Returning

I have been enjoying Maria Popova’s excellent blog, Brain Pickings. There is an article on Leo Tolstoy’s book, ‘What is Art?’ (1898), in which he distinguished ‘real’ art from its antithesis by its ability to ‘destroy in the consciousness of the receiver the separation between himself and the artist.’ He called this infectiousness, citing three essential conditions, individuality, clarity and most importantly, the artist’s sincerity.

‘But most of all is the degree of infectiousness of art increased by the degree of sincerity in the artist. As soon as the spectator, hearer, or reader feels that the artist is infected by his own production, and writes, sings, or plays for himself, and not merely to act on others, this mental condition of the artist infects the receiver; and contrariwise, as soon as the spectator, reader, or hearer feels that the author is not writing, singing, or playing for his own satisfaction — does not himself feel what he wishes to express — but is doing it for him, the receiver, a resistance immediately springs up, and the most individual and the newest feelings and the cleverest technique not only fail to produce any infection but actually repel.’

I thought about much contemporary art, which is created for effect, and liked/celebrated for it. Maybe audiences had changed, or Tolstoy had a second set of distinctions between the real and ready conned audience. If real art elicited empathy, did the counterfeit produce a simulated version? Hopefully narcissism is a fad that will disperse before sliding into our DNA. But he made sense of why I had become so paralyzed since shifting gear to regarding art as a commercial enterprise, and promoting oneself rather than leaving it to a gallery. The moment one began thinking in terms of how the piece was received, it was killed off. At least for me. Many great artists can switch off from those considerations, while making work which they intend to sell. Rubens was one.

I recently moved to Mother Studio in Hackney Wick, which is a lovely place by the canal. There is an Open Studio here at the end of June. It is more of a DIY event, and the focus seems to be on simply opening one’s studio in order to share, and enjoying the work of other artists one doesn’t see for the rest of the year, rather than sales. Many artists I have known were by their nature, non materialistic. The material was in the making. I find this constant pressure to promote oneself on social media channels, antithetical to one’s nature, and therefore art itself. It is important to remain true to the nature of art, which has nothing to do with money.
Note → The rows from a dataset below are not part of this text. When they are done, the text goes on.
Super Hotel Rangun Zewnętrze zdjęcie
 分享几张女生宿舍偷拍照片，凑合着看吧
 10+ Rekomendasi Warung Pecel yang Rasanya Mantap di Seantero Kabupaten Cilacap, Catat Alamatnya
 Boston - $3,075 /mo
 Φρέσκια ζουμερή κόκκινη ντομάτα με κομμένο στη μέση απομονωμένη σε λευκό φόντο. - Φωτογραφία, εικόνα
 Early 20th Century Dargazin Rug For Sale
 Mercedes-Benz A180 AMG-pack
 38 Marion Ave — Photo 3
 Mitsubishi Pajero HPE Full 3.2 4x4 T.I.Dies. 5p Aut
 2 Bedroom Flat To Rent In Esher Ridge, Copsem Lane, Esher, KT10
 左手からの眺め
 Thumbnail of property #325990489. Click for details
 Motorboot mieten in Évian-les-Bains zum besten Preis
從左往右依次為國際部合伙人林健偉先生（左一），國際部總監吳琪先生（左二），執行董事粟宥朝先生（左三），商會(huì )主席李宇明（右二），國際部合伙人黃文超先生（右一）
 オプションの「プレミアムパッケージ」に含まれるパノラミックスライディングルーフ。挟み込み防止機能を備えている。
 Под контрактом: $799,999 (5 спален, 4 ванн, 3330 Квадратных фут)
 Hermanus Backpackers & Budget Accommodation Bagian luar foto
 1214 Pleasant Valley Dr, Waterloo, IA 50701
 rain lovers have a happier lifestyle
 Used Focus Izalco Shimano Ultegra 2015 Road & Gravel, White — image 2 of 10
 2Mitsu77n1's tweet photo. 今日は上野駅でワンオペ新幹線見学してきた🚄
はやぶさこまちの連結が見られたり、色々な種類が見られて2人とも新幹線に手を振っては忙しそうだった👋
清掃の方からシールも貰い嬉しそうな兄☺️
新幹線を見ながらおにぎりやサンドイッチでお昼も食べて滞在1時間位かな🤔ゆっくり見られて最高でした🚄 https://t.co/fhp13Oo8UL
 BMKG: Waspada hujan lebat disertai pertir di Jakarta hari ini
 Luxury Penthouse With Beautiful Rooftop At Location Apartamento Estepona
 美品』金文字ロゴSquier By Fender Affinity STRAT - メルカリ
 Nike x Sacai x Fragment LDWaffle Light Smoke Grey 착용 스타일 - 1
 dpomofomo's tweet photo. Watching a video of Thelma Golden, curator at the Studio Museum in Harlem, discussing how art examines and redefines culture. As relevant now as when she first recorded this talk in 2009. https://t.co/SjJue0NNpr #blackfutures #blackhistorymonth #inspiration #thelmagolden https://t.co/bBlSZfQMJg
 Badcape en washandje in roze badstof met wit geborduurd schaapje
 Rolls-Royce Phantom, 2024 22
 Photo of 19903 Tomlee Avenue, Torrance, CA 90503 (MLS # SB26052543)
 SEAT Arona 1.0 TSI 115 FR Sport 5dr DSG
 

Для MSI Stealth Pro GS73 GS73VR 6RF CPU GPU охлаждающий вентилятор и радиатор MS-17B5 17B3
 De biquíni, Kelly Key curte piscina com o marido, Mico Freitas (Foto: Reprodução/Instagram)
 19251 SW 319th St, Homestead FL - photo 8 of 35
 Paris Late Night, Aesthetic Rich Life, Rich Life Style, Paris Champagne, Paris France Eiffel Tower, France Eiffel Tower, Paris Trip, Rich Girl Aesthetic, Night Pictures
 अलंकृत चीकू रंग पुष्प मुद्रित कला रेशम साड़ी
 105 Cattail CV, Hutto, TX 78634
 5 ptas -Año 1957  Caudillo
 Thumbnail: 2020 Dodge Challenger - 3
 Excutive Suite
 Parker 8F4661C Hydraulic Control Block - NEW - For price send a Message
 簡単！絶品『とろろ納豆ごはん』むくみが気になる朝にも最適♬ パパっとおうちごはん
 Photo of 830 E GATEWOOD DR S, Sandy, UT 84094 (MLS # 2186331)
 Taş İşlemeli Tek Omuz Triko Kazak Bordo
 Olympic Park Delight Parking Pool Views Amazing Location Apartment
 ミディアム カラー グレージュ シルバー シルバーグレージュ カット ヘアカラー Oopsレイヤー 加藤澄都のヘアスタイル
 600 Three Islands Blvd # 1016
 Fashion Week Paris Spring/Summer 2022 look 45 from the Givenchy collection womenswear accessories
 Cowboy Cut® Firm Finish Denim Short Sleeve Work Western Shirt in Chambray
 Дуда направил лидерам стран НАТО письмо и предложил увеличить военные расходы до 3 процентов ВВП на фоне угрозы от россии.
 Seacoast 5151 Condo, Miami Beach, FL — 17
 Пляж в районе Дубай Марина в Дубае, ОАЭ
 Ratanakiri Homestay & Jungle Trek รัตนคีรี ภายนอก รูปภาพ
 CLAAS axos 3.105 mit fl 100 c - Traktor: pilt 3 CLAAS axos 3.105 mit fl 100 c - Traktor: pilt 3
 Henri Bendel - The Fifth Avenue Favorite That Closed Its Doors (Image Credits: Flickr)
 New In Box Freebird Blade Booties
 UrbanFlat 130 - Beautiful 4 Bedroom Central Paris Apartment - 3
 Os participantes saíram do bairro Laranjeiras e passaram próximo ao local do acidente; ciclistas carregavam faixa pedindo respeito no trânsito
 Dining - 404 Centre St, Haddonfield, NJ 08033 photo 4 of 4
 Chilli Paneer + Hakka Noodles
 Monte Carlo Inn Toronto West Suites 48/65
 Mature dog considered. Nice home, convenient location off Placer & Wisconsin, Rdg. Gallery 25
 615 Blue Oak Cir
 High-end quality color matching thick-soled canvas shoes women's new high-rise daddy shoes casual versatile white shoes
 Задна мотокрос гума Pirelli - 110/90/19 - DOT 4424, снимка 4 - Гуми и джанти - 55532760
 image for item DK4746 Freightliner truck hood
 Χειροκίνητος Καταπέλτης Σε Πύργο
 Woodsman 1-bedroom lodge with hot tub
It is also important to seek out and connect to art that moves one. One artist who ‘infects’ me is Louise Balaam. Her emotional response to the sea encompasses the outermost within, and reminds one of what seemed lost, but was only forgotten. I think that being in and representing nature can only heal. Leonardo Da Vinci always did this.

I do enjoy nurturing creativity and freedom of expression in others, with an aesthetic fulcrum intact. Drawing is central to flying, and I am teaching some drawing and life drawing classes over the Summer in my studio at Mother.